START Exercise input

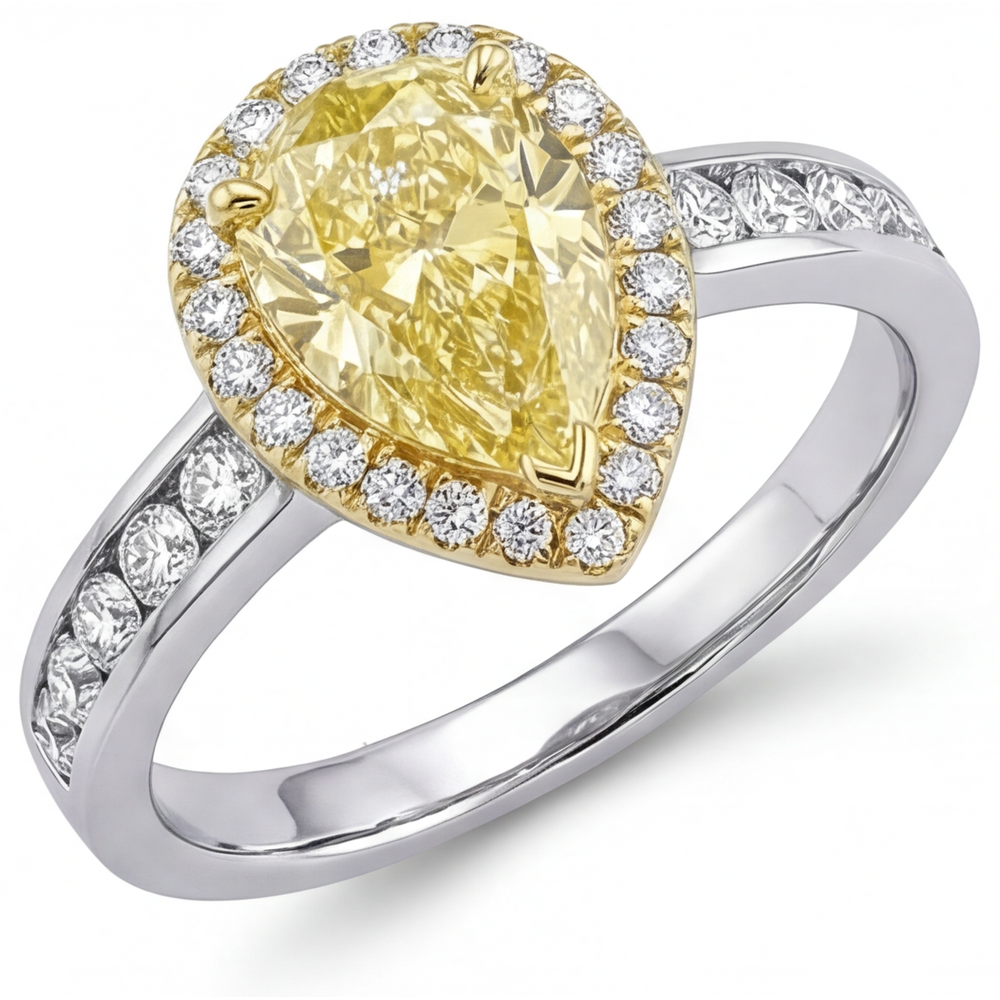 Fine Jewelry Ring 14 Karat Two Tone Gold with Yellow Canary Diamond – side view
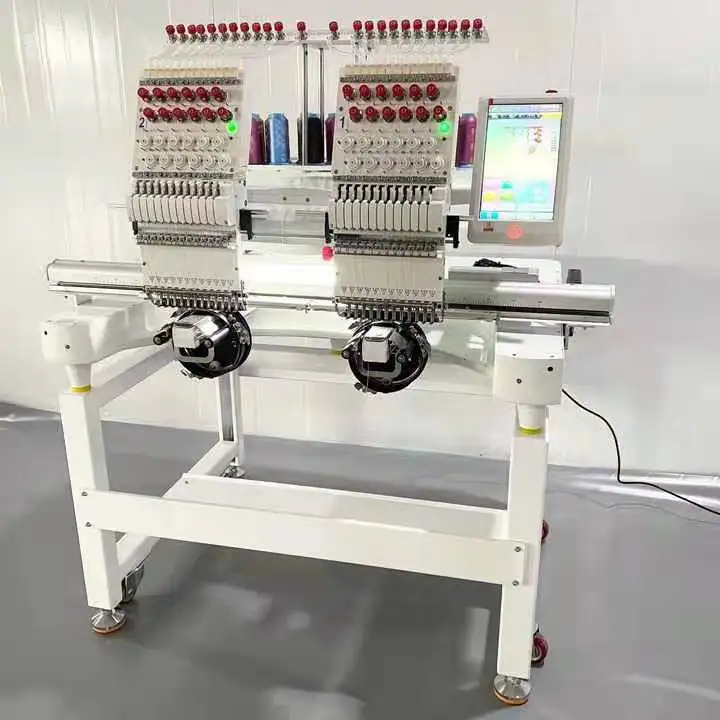refurbished industrial automatic 15 12 head embroidery machine price in india for usb reader linker hoop sale with 2heads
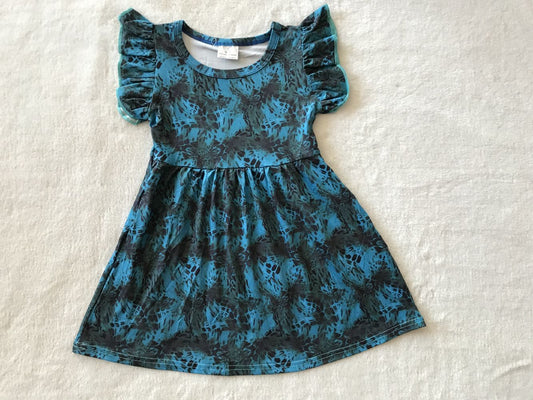 RTS SALES NO MOQ G2-23-7* Blue ink-print flying sleeves dress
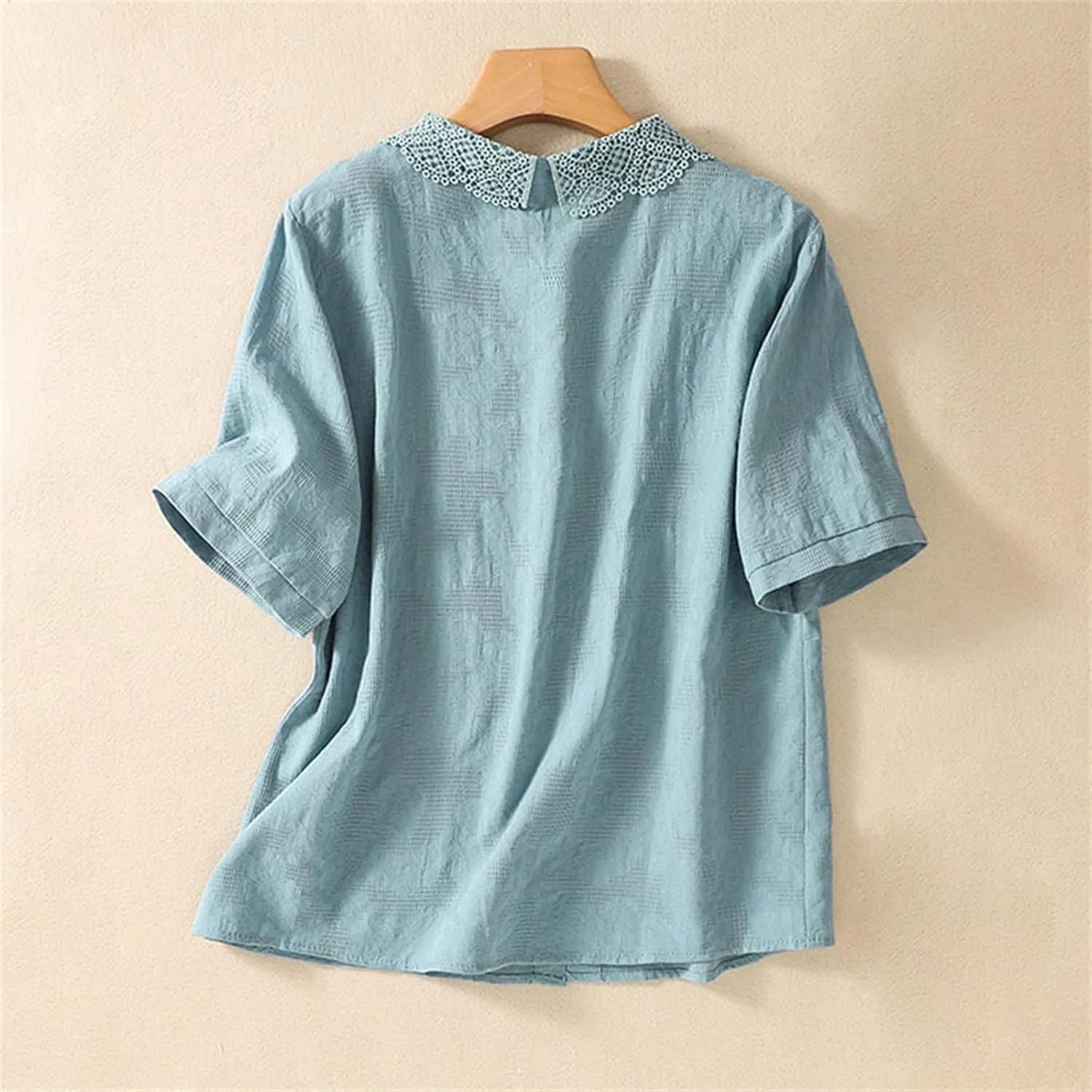 3/4 Length Sleeve Womens Tops Embroidered Print Chinese Shirts Casual Summer Cotton Linen Boho Tops Blouse Clothes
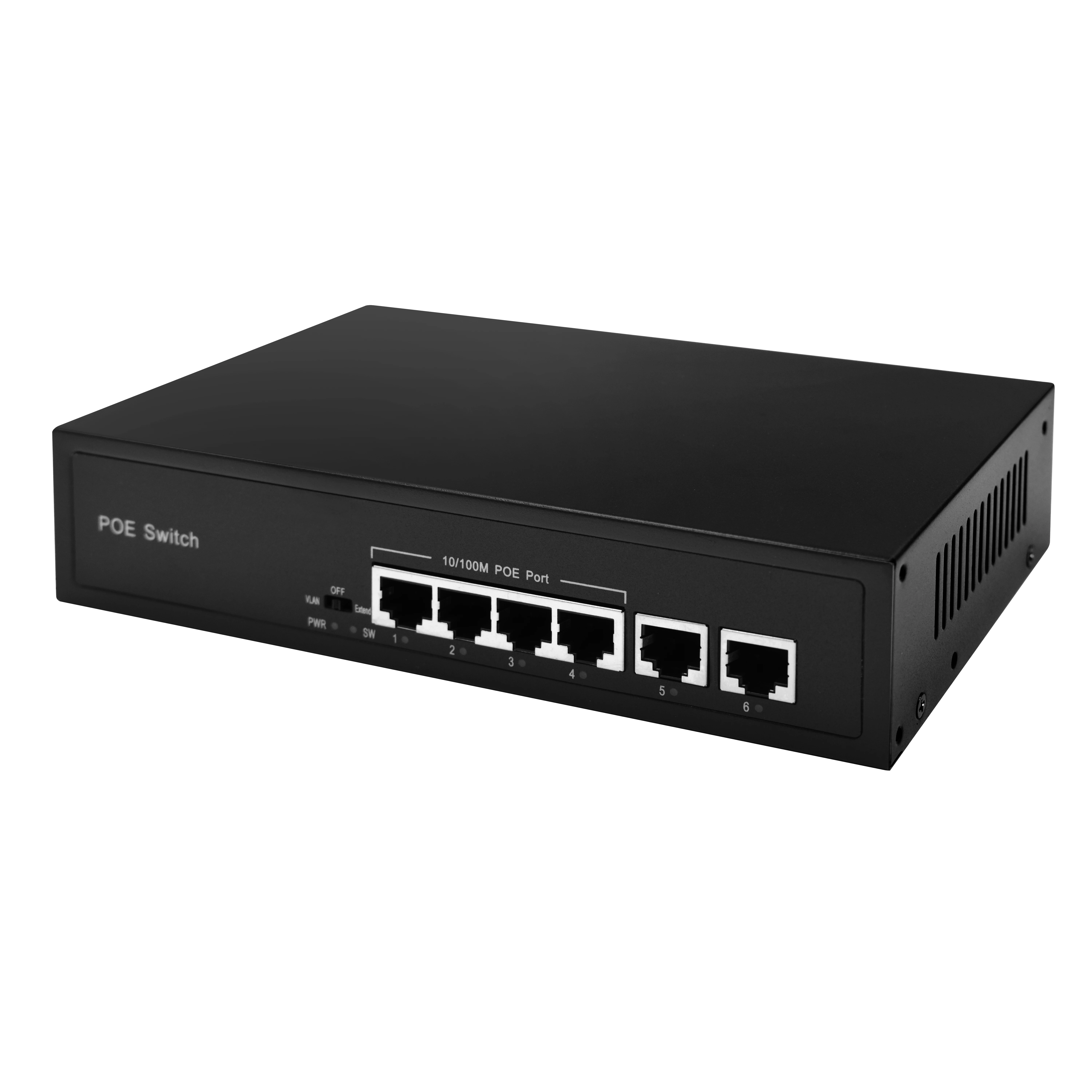 4 Ports 10/100Mbps + 2 Uplink ports Ethernet PoE Switch Desktop Unmanaged Network PoE 12v Switch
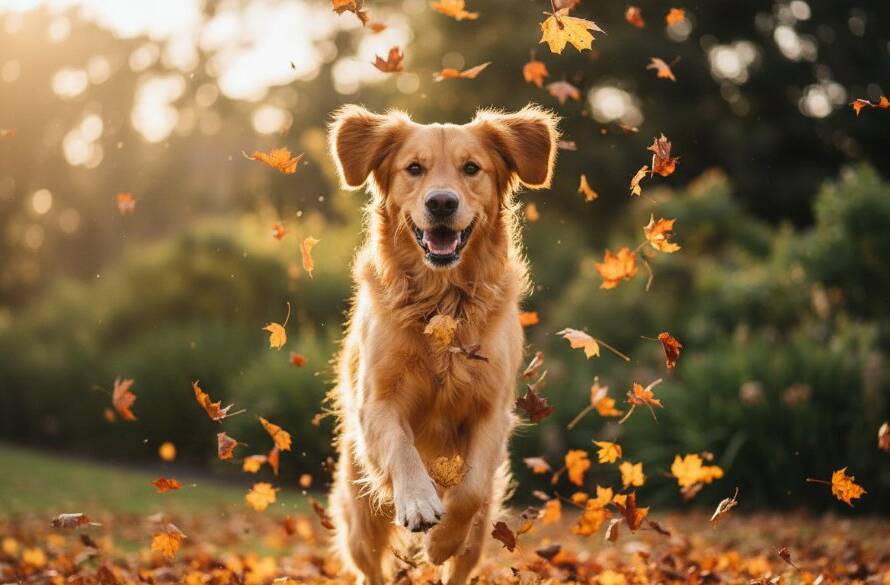 An epic moment captured in Joyful Elsternwick Pet Photography for Cherished Canine Portraits, featuring a golden retriever joyfully leaping through autumn leaves in Elsternwick's Harleston Park, bathed in golden hour light, its fur glowing, showcasing its boundless energy and happy spirit.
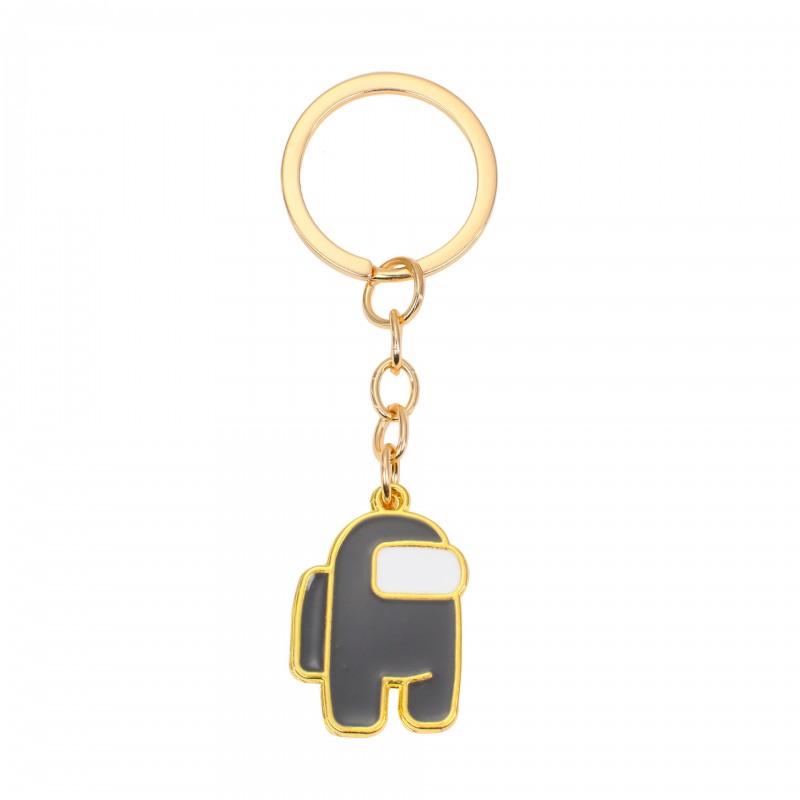 No. 11 Gold Ring Black Alloy Keyring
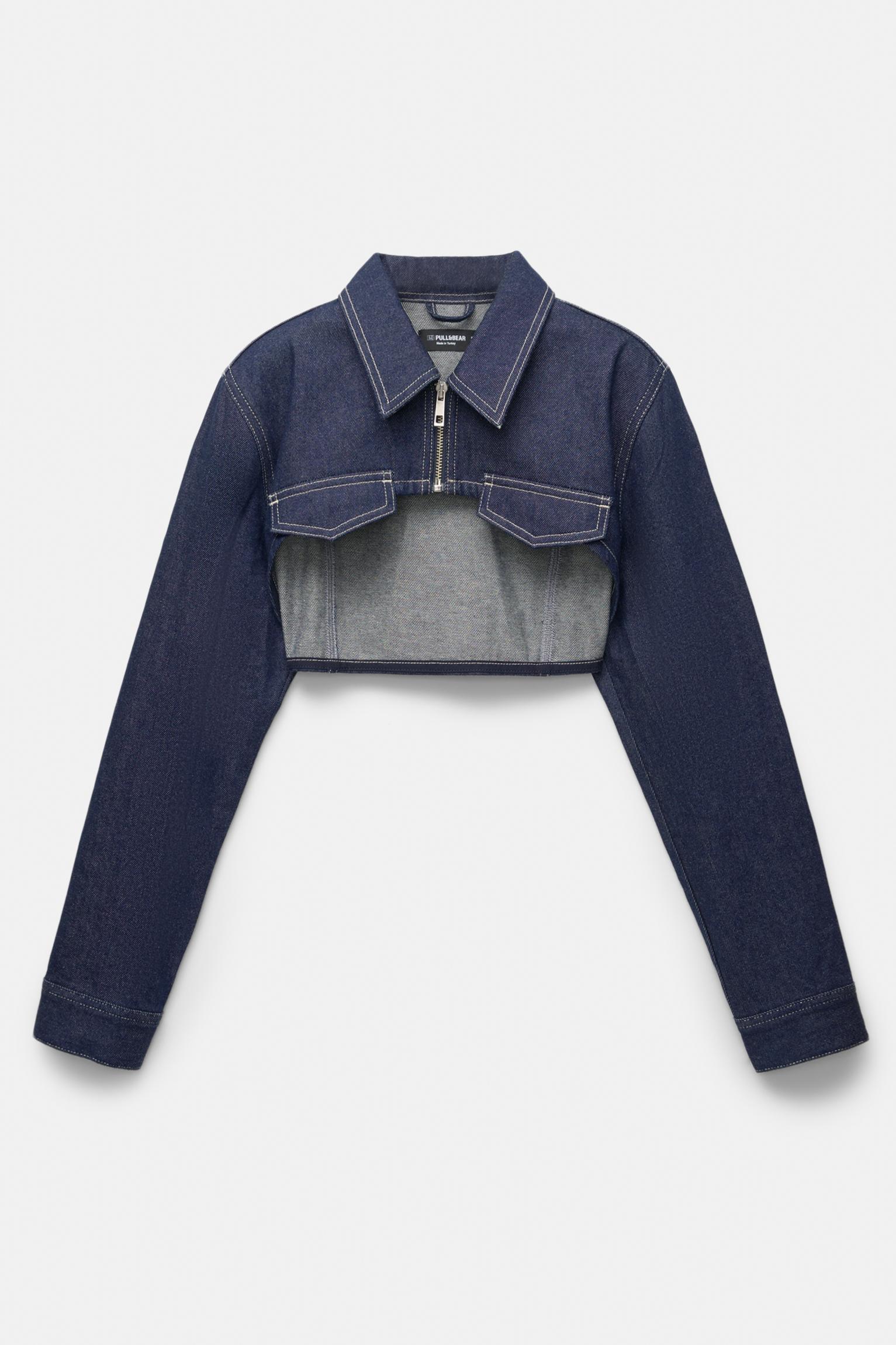 Super cropped denim jacket Product Image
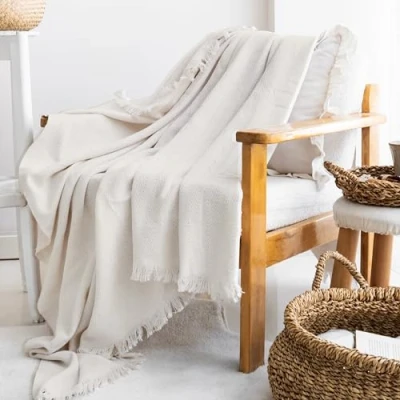 Image of Milam London Cotton Throw Blanket Soft Throws For Armchairs, Sofa, Settee Single Bed Throw, Cream 170 x 200 cm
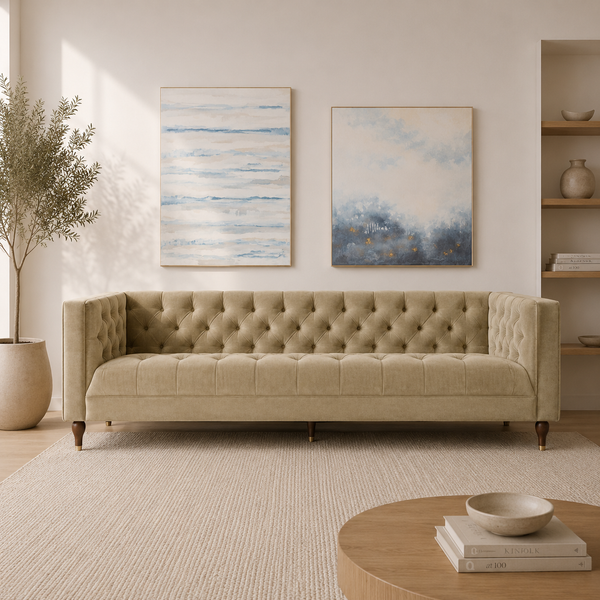 Ector 3-Seater Velvet Tuxedo Arm Sofa - Luxurious Rust Upholstery L220cm x H86cm x W78cm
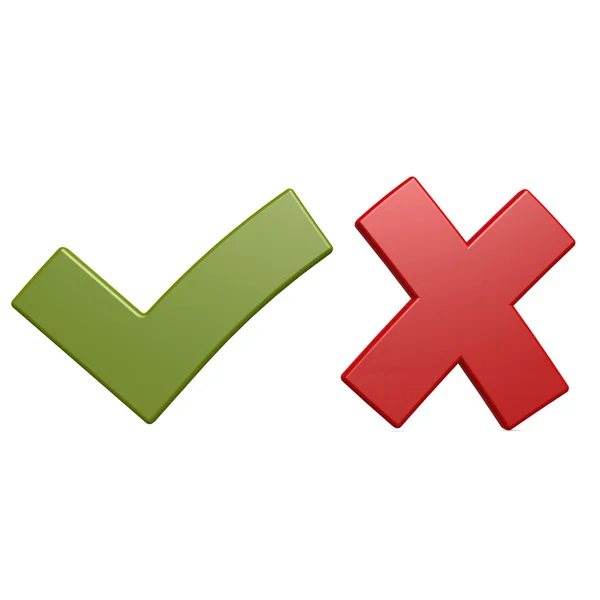 Red cross and green tick — Stock Photo, Image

END Exercise input

= What the exercise asks =
Output the records above exactly, leaving out pictures.

= Reply =
 Fine Jewelry Ring 14 Karat Two Tone Gold with Yellow Canary Diamond – side view
refurbished industrial automatic 15 12 head embroidery machine price in india for usb reader linker hoop sale with 2heads
 RTS SALES NO MOQ G2-23-7* Blue ink-print flying sleeves dress
 3/4 Length Sleeve Womens Tops Embroidered Print Chinese Shirts Casual Summer Cotton Linen Boho Tops Blouse Clothes
 4 Ports 10/100Mbps + 2 Uplink ports Ethernet PoE Switch Desktop Unmanaged Network PoE 12v Switch
 An epic moment captured in Joyful Elsternwick Pet Photography for Cherished Canine Portraits, featuring a golden retriever joyfully leaping through autumn leaves in Elsternwick's Harleston Park, bathed in golden hour light, its fur glowing, showcasing its boundless energy and happy spirit.
 No. 11 Gold Ring Black Alloy Keyring
 Super cropped denim jacket Product Image
 Image of Milam London Cotton Throw Blanket Soft Throws For Armchairs, Sofa, Settee Single Bed Throw, Cream 170 x 200 cm
 Ector 3-Seater Velvet Tuxedo Arm Sofa - Luxurious Rust Upholstery L220cm x H86cm x W78cm
 Red cross and green tick — Stock Photo, Image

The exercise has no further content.